RECORDS FOR THE EXERCISE:
-=-=-
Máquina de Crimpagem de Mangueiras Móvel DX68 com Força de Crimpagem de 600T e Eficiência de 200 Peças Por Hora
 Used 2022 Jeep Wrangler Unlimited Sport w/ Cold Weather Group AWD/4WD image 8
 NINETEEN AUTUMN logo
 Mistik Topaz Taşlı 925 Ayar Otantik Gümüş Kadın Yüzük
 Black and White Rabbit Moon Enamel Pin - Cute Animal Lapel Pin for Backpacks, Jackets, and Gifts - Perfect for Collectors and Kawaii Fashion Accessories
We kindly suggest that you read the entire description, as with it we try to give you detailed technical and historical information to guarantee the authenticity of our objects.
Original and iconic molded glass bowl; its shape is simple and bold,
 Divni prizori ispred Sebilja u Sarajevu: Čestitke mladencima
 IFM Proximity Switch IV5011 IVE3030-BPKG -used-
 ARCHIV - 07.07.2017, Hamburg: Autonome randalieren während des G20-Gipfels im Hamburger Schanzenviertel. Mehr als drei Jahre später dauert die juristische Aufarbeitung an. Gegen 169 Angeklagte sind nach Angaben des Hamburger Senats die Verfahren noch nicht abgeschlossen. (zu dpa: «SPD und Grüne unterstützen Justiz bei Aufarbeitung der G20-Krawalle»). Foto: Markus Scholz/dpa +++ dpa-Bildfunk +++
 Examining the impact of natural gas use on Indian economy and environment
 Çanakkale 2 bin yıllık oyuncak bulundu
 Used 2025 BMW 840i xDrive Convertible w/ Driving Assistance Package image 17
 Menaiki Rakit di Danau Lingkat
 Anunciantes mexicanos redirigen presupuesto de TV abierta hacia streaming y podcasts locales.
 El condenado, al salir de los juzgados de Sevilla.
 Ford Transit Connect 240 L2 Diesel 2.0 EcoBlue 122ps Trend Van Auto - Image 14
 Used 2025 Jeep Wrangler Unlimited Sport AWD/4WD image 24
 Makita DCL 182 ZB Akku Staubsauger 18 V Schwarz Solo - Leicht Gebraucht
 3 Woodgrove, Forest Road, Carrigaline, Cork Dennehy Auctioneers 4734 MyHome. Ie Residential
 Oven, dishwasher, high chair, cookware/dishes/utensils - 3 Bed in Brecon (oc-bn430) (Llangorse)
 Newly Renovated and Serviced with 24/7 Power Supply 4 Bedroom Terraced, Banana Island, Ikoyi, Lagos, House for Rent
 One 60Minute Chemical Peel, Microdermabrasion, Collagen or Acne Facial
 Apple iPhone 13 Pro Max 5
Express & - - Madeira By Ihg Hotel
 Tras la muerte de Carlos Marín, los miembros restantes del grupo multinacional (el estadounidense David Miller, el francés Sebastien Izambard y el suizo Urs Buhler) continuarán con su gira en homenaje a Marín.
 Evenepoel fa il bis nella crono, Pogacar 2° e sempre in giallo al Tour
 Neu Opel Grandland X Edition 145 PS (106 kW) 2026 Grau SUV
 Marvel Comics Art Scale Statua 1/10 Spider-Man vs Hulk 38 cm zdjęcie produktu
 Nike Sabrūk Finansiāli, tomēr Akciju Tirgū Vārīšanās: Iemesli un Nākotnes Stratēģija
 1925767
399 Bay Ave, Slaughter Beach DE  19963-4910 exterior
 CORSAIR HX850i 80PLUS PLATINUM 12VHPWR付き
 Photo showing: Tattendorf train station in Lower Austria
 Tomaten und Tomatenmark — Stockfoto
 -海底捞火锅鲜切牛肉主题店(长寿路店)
-=-=-
TRY IT:
Precisely reproduce the lines of the entries, beginning at the first and ending at the one containing "NINETEEN AUTUMN logo". Add nothing.

TASK RESPONSE:
Máquina de Crimpagem de Mangueiras Móvel DX68 com Força de Crimpagem de 600T e Eficiência de 200 Peças Por Hora
 Used 2022 Jeep Wrangler Unlimited Sport w/ Cold Weather Group AWD/4WD image 8
 NINETEEN AUTUMN logo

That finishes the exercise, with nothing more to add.